Cinquante ans après sa découverte, Lucy n’a pas livré tous ses secrets
Publié le - par LeBlob.fr, avec l’AFP
Les quatre boîtes sont sorties avec soin d’un coffre-fort, puis posées sur une longue table. A l’intérieur, des restes dentaires, des fragments de crâne, de bassin et de fémur de la plus célèbre australopithèque, Lucy, découverte il y a cinquante ans en Ethiopie.
Le 24 novembre 1974, dans la région de l’Afar nichée dans le nord-est du pays, une équipe de scientifiques initialement formée de Maurice Taieb, Yves Coppens, Donald Johanson, Jon Kalb et Raymonde Bonnefille, mettaient au jour 52 fragments d’ossements, permettant de composer environ 40 % du squelette. Ce fossile d’hominidé bipède, à l’époque le plus complet jamais trouvé, va révolutionner la recherche scientifique et la compréhension de nos ancêtres.
D’abord appelé A.L-288-1, les chercheurs le surnomment ensuite Lucy, en référence à la chanson des Beatles «Lucy in the Sky with Diamonds», que l’équipe écoutait après avoir fêté la découverte. Il s’agit d’un Australopithecus afarensis, vieux de 3,18 millions d’années.
Lucy, morte possiblement entre 11 et 13 ans (ce qui est considéré comme un âge adulte pour cette espèce) mesurant 1,10 m de haut et pesant 29 kg, est conservée dans une pièce non ouverte au public au musée national d’Ethiopie, au cœur de la capitale Addis Abeba.
Pour Sahleselasie Melaku, qui dirige le département paléontologie, Lucy a changé « la perception de l’évolution humaine ». Il considère la période antérieure à sa découverte comme « une période sombre » de la recherche scientifique. « Depuis sa découverte, nous avons beaucoup appris sur nos propres origines », affirme le scientifique de 31 ans.
Le musée reçoit toujours de nombreuses sollicitations pour l’étudier, mais le squelette ne quitte désormais plus l’Ethiopie.

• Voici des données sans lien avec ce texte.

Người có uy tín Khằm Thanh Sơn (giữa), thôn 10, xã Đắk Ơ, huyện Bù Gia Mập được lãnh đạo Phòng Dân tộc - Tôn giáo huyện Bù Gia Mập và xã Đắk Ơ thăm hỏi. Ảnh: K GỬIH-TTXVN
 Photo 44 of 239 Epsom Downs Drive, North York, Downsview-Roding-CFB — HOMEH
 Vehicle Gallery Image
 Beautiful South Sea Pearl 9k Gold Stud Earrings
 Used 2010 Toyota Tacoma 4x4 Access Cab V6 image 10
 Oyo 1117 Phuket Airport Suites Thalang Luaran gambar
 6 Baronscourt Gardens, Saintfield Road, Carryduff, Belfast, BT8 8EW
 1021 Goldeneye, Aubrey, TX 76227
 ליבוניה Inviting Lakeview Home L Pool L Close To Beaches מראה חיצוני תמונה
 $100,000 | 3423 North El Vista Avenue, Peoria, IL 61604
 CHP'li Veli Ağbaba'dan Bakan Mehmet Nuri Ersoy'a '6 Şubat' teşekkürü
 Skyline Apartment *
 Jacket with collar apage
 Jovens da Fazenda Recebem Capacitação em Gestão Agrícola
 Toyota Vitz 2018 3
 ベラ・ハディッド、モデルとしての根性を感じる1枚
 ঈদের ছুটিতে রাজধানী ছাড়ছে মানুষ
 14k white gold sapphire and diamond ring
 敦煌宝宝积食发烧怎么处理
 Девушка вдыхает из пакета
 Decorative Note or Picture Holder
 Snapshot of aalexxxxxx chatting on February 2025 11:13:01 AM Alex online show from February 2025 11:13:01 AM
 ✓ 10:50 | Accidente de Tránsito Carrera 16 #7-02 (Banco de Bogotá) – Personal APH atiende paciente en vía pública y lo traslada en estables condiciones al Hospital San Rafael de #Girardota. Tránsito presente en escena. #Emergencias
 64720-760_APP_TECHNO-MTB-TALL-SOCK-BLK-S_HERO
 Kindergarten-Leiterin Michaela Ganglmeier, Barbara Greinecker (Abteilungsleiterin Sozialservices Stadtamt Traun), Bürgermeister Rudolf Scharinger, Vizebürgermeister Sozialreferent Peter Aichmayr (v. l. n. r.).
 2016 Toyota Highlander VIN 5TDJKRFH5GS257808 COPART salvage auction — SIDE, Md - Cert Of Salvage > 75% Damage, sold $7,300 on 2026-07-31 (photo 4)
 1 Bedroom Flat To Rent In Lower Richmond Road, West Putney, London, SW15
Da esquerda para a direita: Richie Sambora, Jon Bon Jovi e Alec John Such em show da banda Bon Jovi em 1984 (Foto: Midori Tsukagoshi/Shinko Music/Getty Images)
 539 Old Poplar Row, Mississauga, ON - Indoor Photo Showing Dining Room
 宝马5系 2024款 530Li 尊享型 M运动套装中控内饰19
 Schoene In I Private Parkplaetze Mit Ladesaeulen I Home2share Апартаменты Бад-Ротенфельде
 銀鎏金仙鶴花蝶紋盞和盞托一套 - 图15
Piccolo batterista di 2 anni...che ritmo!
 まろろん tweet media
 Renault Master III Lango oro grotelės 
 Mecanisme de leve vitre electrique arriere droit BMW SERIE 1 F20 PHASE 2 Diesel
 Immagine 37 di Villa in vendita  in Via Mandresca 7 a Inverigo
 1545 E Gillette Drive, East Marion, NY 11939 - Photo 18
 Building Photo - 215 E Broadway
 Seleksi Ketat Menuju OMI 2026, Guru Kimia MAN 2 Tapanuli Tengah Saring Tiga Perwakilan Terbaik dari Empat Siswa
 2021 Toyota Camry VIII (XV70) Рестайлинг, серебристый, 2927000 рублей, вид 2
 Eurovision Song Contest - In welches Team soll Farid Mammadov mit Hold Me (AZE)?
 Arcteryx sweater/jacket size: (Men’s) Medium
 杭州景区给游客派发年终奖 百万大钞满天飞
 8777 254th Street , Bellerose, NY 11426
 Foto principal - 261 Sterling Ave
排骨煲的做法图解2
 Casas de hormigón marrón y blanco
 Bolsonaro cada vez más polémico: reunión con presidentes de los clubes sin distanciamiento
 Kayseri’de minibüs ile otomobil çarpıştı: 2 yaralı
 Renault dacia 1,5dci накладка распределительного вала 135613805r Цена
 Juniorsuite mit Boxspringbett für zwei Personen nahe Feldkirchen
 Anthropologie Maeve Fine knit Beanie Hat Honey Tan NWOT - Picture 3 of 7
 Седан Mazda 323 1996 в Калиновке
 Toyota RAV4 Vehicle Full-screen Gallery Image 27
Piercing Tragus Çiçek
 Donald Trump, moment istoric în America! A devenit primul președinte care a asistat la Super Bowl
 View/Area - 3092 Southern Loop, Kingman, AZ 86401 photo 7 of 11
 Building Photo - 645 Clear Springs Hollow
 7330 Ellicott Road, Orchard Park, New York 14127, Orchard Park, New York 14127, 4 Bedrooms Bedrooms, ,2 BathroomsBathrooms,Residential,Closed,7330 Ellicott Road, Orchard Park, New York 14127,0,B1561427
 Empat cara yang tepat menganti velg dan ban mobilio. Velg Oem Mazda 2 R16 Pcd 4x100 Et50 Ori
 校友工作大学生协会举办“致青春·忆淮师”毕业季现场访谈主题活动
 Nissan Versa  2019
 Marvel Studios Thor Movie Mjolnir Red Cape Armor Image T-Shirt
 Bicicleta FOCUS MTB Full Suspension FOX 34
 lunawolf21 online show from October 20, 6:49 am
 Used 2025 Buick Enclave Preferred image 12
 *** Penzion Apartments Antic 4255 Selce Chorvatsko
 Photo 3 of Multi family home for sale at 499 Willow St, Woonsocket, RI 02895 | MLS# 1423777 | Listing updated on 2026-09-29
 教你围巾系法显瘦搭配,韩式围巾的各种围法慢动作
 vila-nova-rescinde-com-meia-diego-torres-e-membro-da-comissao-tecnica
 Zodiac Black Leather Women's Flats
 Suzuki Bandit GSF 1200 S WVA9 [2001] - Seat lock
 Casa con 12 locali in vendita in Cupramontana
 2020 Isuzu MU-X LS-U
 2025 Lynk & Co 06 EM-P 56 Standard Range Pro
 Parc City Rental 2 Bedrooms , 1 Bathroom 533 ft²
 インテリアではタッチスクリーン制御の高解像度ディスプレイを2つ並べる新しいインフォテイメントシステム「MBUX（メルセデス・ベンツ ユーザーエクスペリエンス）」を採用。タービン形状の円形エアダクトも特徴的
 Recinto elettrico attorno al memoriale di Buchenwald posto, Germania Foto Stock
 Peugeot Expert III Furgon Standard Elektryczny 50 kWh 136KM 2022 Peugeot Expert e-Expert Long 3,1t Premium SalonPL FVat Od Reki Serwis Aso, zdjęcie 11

Sahleselasie Melaku est toujours émerveillé par sa conservation. Il pointe notamment du doigt une vertèbre, légèrement déformée. « Cela veut dire qu’elle avait sûrement des problèmes de dos », souligne-t-il. « La découverte de Lucy, ça a été un moment assez exceptionnel parce qu’il faut se rendre compte qu’il y a 50 ans, on connaissait finalement très peu de choses avant 3 millions d’années et on n’avait rien d’aussi complet », remarque Jean-Renaud Boisserie, paléontologue, directeur de recherches au CNRS, affecté au Centre français des études éthiopiennes.
Longtemps décrite comme « la grand-mère de l’humanité », Lucy est aujourd’hui plutôt considérée comme une tante ou une cousine – sa filiation directe avec l’Homme étant contestée.
Car depuis 1974, de nombreuses découvertes ont rebattu les cartes, avec des spécimens mis au jour en Ethiopie, en Afrique du Sud, au Kenya mais aussi au Tchad, avec « Toumaï » découvert en 2001 qui date d’environ 7 millions d’années. Il est considéré par certains scientifiques comme le premier représentant de la lignée humaine.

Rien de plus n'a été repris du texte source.